Yet the shelter has now operated for several winters and, earlier this month, it was funded to become a year-round facility. The city has dedicated millions of dollars to the shelter, and area residents now fear it will become a permanent fixture in their neighborhood.
That goes against the city's promise to bring economic opportunity to the area, residents have said. Removing the shelter within three years has support on City Council, though no vote has taken place.
The city has already pledged to redevelop the site while looking for future options to serve the homeless. It has dedicated hours of discussion to the latter issue in recent months.
“I think this does give some predictability to the neighborhood,” said council member Amber Sherrill. “This is not the site for a permanent shelter. I think we agree on that and the administration agrees with that. This puts it on paper.”
Council member Daniel Carlino tried to push an amendment requiring the city to identify “at least” one new homeless site within a year as well. But other council members accused Carlino of grandstanding given his phrasing. City Council already has directed city staff to identify alternatives and didn't need to do it again, they noted.

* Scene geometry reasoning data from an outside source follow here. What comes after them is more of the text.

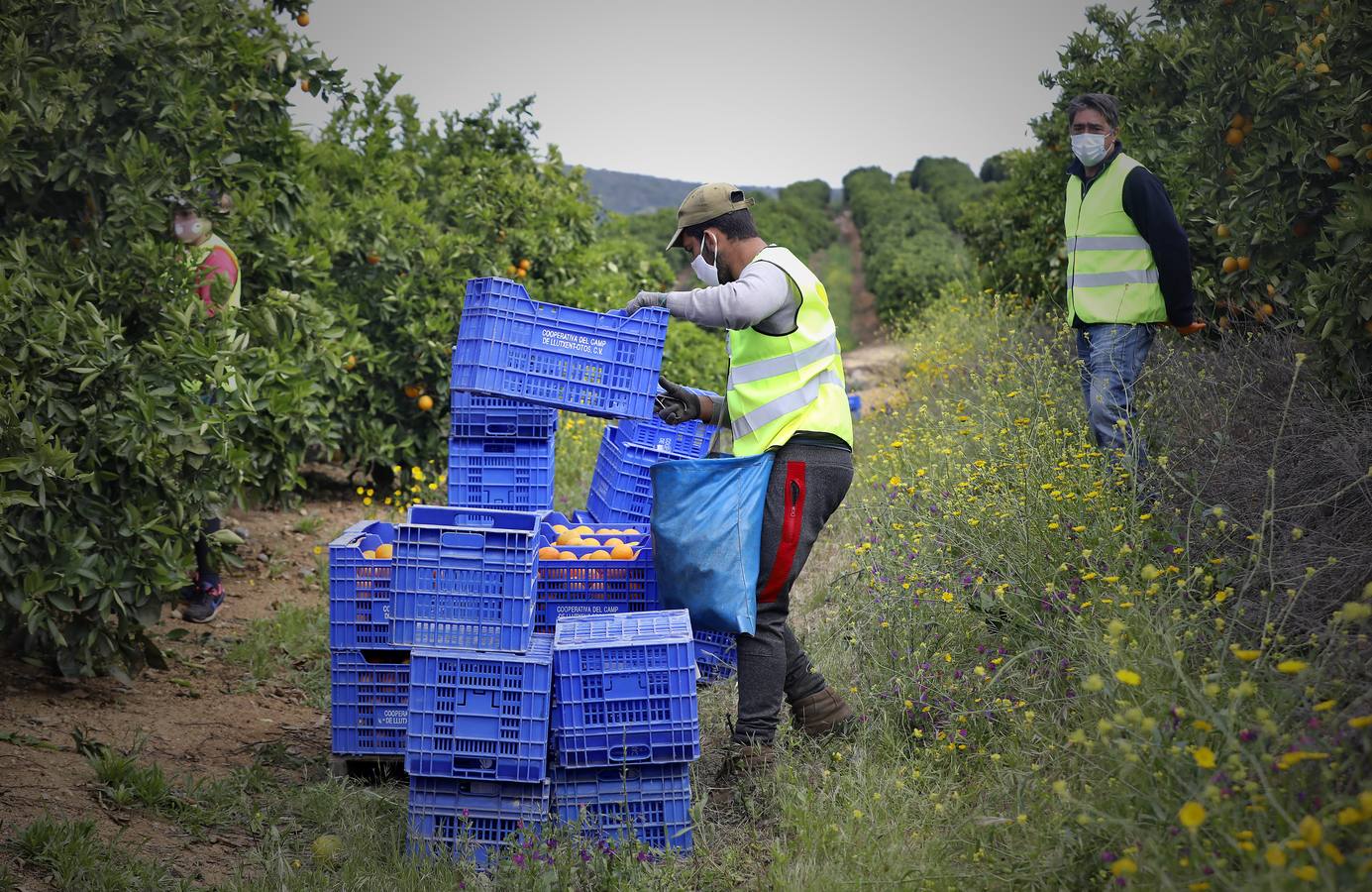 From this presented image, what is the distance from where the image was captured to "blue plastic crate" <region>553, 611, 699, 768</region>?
3.50 meters

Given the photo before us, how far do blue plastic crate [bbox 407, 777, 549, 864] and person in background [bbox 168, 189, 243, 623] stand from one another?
234 centimetres

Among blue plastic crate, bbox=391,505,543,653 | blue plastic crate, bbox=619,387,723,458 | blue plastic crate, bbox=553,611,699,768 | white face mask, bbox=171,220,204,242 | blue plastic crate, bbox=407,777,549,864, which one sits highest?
white face mask, bbox=171,220,204,242

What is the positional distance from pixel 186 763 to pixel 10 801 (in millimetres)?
707

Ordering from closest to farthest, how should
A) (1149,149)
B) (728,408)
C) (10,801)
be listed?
(10,801), (728,408), (1149,149)

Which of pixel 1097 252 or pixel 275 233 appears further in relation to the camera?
pixel 275 233

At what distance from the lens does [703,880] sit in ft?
11.2

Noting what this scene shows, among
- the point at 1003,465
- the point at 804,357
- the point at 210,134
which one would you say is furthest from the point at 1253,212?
the point at 210,134

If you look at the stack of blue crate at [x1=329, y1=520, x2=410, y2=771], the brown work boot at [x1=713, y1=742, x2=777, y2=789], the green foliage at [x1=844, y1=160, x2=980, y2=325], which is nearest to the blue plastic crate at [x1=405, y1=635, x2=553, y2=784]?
the stack of blue crate at [x1=329, y1=520, x2=410, y2=771]

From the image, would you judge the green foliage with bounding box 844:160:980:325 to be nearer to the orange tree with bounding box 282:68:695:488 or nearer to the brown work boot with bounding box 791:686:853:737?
the orange tree with bounding box 282:68:695:488

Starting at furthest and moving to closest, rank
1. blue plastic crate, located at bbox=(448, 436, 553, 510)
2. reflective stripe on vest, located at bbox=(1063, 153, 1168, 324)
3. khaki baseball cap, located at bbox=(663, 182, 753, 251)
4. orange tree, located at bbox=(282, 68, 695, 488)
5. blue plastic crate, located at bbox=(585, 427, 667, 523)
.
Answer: orange tree, located at bbox=(282, 68, 695, 488)
blue plastic crate, located at bbox=(585, 427, 667, 523)
blue plastic crate, located at bbox=(448, 436, 553, 510)
reflective stripe on vest, located at bbox=(1063, 153, 1168, 324)
khaki baseball cap, located at bbox=(663, 182, 753, 251)

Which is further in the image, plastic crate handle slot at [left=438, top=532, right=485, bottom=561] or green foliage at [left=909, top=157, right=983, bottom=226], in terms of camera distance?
green foliage at [left=909, top=157, right=983, bottom=226]

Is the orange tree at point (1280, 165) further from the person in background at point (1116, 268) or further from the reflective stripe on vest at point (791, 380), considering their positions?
the reflective stripe on vest at point (791, 380)

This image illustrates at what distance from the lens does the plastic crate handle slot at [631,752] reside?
3498mm

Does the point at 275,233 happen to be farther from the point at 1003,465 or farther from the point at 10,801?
the point at 1003,465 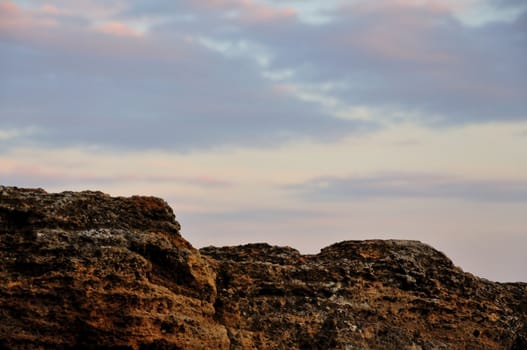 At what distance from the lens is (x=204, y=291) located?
15914 millimetres

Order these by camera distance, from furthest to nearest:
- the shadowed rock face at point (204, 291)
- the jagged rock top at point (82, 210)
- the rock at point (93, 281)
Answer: the jagged rock top at point (82, 210) → the shadowed rock face at point (204, 291) → the rock at point (93, 281)

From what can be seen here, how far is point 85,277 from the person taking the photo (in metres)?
14.6

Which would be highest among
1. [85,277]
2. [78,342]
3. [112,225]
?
Answer: [112,225]

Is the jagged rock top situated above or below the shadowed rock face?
above

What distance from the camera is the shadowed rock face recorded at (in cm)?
1455

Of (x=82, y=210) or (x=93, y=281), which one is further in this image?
(x=82, y=210)

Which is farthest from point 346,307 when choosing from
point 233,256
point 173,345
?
point 173,345

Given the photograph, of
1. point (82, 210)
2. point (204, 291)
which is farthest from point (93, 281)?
point (204, 291)

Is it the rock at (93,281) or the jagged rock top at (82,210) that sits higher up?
the jagged rock top at (82,210)

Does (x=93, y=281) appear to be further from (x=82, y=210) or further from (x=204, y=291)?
(x=204, y=291)

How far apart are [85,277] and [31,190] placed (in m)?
2.34

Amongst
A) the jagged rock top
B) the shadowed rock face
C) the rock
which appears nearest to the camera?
the rock

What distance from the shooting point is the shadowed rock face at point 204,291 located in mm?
14555

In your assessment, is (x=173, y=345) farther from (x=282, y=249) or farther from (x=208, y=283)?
(x=282, y=249) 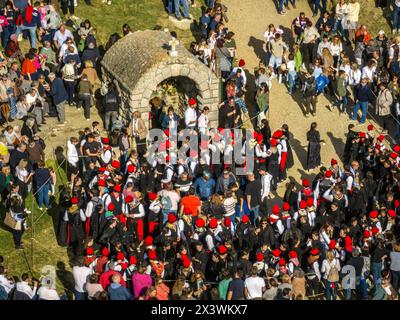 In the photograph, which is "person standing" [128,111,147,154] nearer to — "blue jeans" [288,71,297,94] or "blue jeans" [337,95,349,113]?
"blue jeans" [288,71,297,94]

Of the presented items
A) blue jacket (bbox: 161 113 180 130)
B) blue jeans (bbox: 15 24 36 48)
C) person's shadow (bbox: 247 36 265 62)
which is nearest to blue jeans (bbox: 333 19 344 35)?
person's shadow (bbox: 247 36 265 62)

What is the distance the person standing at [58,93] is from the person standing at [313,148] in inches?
261

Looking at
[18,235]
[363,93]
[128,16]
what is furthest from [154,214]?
[128,16]

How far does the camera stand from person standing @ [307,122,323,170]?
28.2m

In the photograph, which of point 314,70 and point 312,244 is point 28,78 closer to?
point 314,70

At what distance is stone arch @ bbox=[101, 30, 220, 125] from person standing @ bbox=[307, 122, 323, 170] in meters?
2.77

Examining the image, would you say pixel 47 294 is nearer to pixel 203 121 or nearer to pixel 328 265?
pixel 328 265

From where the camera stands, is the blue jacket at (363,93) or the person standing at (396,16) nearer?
the blue jacket at (363,93)

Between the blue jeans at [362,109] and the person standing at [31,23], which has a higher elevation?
the person standing at [31,23]

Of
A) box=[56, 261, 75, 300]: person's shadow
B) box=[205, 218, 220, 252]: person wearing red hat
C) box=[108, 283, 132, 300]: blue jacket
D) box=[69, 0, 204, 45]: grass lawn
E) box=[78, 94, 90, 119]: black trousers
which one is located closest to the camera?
box=[108, 283, 132, 300]: blue jacket

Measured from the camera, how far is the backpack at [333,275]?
2355cm

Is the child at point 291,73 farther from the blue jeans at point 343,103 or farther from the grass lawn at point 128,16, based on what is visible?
the grass lawn at point 128,16

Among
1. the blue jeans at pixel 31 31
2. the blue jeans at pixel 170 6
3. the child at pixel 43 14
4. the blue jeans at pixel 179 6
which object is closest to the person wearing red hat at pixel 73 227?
the blue jeans at pixel 31 31

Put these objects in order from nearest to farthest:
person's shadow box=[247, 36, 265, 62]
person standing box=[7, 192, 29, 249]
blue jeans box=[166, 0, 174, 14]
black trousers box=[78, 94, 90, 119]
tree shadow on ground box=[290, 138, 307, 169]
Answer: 1. person standing box=[7, 192, 29, 249]
2. tree shadow on ground box=[290, 138, 307, 169]
3. black trousers box=[78, 94, 90, 119]
4. person's shadow box=[247, 36, 265, 62]
5. blue jeans box=[166, 0, 174, 14] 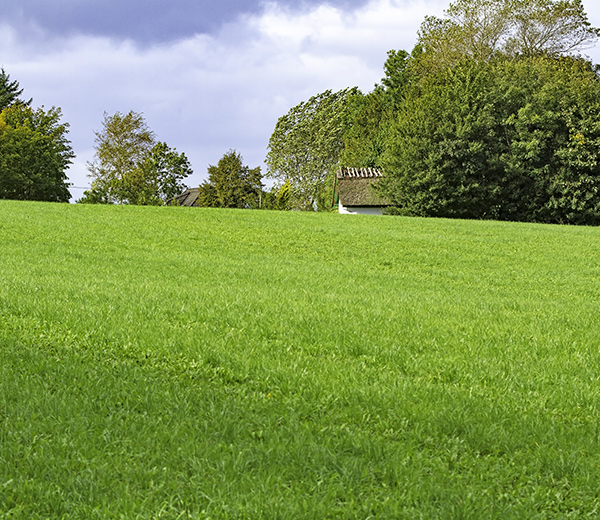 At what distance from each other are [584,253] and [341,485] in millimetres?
16298

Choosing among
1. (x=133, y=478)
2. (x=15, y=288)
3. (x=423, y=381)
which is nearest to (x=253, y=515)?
(x=133, y=478)

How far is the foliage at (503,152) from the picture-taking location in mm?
33688

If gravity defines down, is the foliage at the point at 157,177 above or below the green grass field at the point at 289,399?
above

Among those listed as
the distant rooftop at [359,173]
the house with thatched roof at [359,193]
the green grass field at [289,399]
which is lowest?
the green grass field at [289,399]

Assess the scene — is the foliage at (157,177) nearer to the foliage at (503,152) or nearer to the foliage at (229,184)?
the foliage at (229,184)

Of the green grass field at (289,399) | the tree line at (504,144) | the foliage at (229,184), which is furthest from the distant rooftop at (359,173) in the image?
the green grass field at (289,399)

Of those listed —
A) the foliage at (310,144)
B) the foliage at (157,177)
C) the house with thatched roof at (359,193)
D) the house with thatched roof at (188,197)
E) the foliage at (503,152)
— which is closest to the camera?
the foliage at (503,152)

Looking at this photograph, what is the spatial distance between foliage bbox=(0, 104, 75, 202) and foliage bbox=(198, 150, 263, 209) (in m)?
14.2

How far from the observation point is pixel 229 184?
2302 inches

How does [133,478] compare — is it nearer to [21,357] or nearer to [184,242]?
[21,357]

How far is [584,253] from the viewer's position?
16.8 m

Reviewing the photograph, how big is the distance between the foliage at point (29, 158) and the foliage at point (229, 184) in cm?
1421

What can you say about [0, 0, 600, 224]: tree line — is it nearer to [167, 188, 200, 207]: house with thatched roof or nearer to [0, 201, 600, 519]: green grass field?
[167, 188, 200, 207]: house with thatched roof

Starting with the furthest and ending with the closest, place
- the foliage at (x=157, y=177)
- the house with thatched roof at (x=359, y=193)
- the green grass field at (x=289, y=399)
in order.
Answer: the foliage at (x=157, y=177), the house with thatched roof at (x=359, y=193), the green grass field at (x=289, y=399) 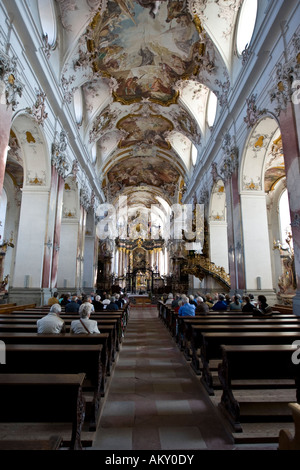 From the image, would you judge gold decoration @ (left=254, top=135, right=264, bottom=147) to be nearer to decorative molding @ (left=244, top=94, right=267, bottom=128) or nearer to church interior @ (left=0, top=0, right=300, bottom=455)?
church interior @ (left=0, top=0, right=300, bottom=455)

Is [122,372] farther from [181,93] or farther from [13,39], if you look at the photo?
[181,93]

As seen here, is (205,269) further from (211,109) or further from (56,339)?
(56,339)

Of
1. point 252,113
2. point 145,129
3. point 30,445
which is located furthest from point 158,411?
point 145,129

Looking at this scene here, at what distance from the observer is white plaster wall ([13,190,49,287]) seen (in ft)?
31.9

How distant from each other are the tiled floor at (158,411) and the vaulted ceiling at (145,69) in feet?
36.3

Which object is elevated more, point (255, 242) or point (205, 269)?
point (255, 242)

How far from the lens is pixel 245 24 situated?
10.1 metres

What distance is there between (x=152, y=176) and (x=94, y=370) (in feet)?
82.2

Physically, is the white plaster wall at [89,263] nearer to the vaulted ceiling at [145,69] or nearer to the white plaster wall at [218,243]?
the vaulted ceiling at [145,69]

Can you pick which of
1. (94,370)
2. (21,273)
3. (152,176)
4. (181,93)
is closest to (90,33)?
(181,93)

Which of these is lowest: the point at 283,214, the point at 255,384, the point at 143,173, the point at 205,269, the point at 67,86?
the point at 255,384

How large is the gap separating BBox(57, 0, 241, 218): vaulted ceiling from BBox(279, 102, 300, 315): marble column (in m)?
5.67

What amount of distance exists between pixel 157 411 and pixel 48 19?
39.1ft

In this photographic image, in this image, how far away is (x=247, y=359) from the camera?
2809mm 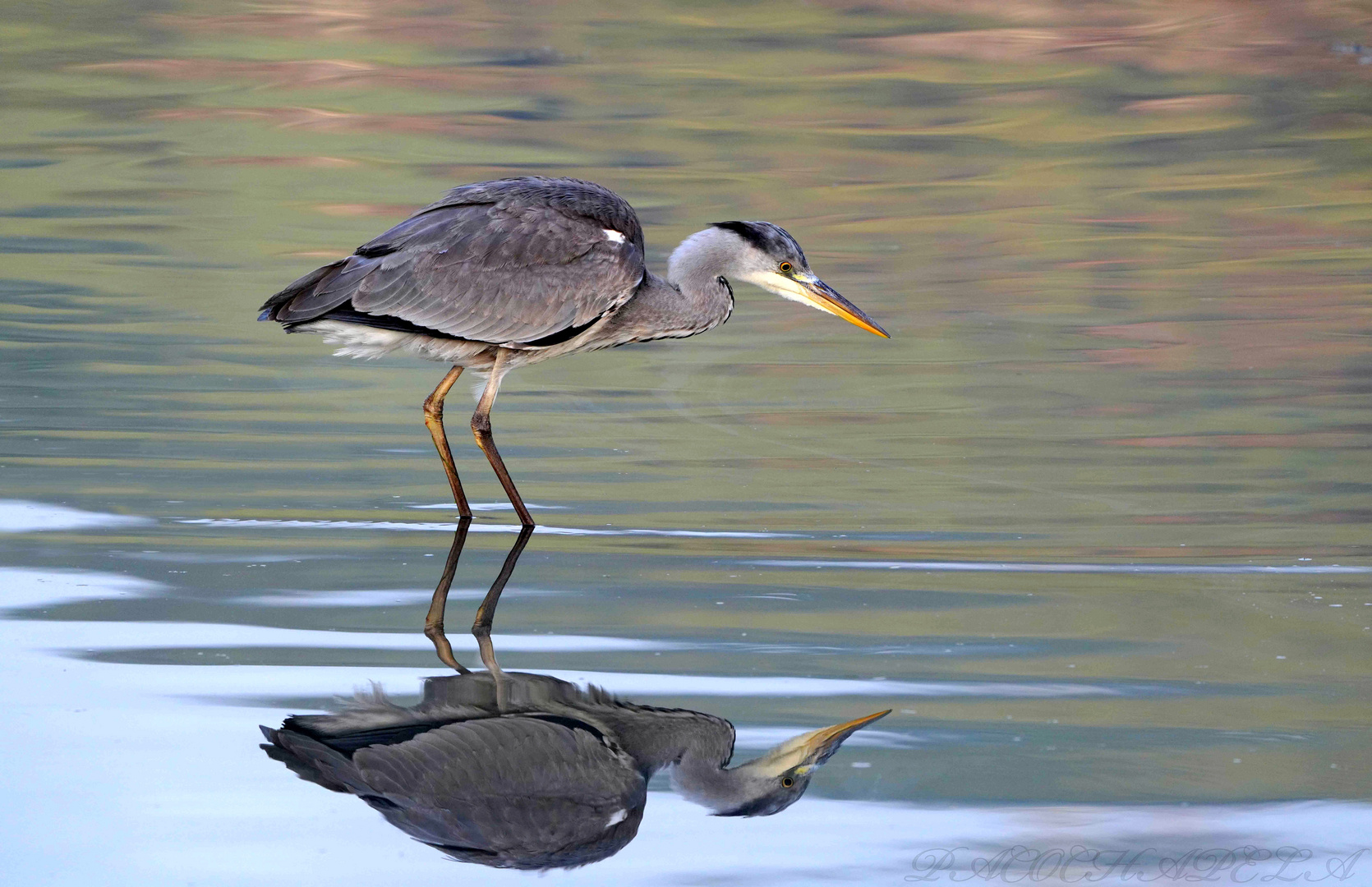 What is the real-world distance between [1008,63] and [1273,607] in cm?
1376

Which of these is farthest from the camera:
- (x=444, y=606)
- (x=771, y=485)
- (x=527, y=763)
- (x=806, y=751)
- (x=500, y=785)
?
(x=771, y=485)

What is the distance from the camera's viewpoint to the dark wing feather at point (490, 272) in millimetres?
6945

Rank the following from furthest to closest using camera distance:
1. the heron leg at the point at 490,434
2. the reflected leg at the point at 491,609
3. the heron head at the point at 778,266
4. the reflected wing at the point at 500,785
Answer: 1. the heron head at the point at 778,266
2. the heron leg at the point at 490,434
3. the reflected leg at the point at 491,609
4. the reflected wing at the point at 500,785

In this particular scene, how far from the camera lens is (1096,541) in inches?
256

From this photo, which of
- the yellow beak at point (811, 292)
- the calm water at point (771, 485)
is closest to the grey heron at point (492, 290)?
the yellow beak at point (811, 292)

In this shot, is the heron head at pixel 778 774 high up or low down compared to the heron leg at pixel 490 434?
up

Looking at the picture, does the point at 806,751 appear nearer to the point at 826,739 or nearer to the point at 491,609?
the point at 826,739

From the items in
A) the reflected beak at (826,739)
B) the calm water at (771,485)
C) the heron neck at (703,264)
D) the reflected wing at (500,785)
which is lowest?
the calm water at (771,485)

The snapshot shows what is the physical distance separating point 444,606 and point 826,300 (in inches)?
103

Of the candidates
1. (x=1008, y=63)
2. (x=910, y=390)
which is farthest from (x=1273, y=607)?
(x=1008, y=63)

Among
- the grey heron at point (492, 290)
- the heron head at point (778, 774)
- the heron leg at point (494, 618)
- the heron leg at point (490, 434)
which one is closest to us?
the heron head at point (778, 774)

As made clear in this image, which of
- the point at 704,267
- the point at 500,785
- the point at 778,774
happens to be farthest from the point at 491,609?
the point at 704,267

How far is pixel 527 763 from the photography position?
447 centimetres

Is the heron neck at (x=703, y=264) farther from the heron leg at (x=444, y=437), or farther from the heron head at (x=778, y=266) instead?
the heron leg at (x=444, y=437) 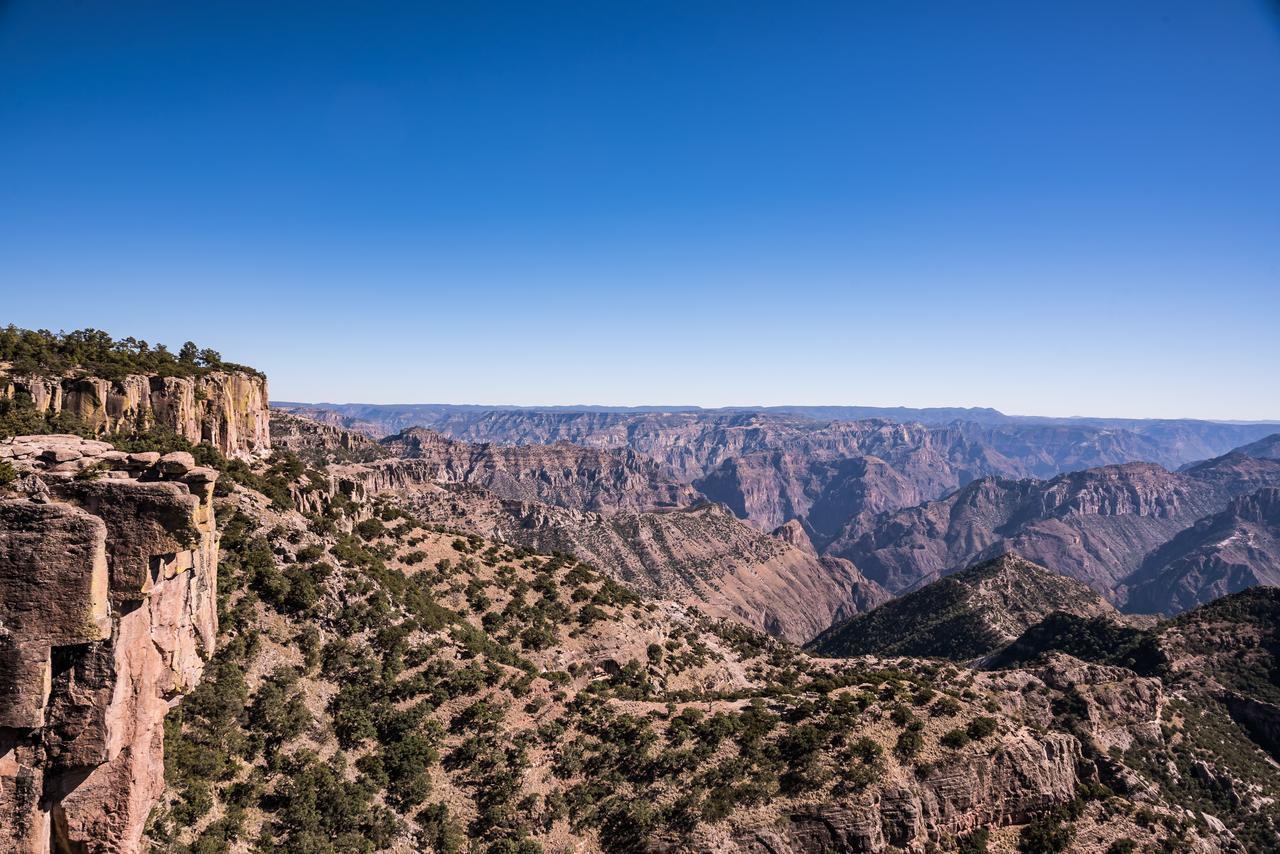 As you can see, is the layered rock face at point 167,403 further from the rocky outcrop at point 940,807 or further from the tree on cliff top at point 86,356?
the rocky outcrop at point 940,807

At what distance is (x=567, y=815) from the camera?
3428 cm

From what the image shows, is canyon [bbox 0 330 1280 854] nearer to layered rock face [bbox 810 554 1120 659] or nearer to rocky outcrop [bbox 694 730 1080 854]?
rocky outcrop [bbox 694 730 1080 854]

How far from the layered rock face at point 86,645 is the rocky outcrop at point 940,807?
26034 mm

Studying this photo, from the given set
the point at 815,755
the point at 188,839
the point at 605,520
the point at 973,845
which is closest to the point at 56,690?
the point at 188,839

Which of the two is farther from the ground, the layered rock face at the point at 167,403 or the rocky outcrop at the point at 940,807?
the layered rock face at the point at 167,403

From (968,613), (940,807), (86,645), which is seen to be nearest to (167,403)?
(86,645)

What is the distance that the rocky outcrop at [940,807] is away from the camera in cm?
3284

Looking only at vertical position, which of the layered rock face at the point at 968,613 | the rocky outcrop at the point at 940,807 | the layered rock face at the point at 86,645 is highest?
the layered rock face at the point at 86,645

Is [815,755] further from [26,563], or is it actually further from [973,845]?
[26,563]

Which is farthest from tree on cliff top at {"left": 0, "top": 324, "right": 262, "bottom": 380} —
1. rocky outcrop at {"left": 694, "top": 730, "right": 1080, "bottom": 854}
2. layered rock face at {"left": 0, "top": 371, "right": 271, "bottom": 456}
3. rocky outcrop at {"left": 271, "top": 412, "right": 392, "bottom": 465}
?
rocky outcrop at {"left": 694, "top": 730, "right": 1080, "bottom": 854}

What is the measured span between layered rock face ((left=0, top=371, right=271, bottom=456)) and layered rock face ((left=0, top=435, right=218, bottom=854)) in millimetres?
25353

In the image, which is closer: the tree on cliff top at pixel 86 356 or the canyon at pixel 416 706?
the canyon at pixel 416 706

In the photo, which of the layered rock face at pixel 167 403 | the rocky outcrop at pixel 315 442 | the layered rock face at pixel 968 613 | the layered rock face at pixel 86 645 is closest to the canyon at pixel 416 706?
the layered rock face at pixel 86 645

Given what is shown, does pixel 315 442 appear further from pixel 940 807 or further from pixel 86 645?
pixel 940 807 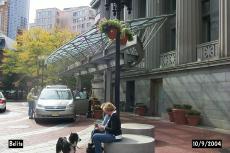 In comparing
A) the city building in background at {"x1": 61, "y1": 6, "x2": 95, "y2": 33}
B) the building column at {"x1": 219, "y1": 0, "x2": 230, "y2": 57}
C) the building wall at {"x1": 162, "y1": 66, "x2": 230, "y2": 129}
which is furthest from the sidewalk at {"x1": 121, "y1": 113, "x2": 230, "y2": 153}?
the city building in background at {"x1": 61, "y1": 6, "x2": 95, "y2": 33}

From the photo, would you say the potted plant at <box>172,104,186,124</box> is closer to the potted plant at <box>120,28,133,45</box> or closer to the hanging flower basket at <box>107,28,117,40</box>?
the potted plant at <box>120,28,133,45</box>

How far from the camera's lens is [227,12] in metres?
17.5

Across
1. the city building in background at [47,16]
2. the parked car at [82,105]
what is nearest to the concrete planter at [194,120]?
the parked car at [82,105]

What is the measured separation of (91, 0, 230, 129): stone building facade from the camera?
58.3 feet

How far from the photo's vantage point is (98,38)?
2331 cm

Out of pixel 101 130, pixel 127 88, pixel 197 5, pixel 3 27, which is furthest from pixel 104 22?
pixel 3 27

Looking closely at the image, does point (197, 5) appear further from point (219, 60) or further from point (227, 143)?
point (227, 143)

Members of the public also took issue with Carlino's gamesmanship regarding efforts to redevelop the Johnson Street property at the perceived expense of the shelter. The neighborhood is circulating a petition supporting the shelter's redevelopment.
“This was part of an original plan before it was a homeless shelter. It was part of the Midtown economic plan,” resident Kevin Farmer said.
To Carlino he added, “You know that, and so does everyone else here. This is not an attack on sheltering or homelessness. It's sticking to an original plan that was agreed upon.”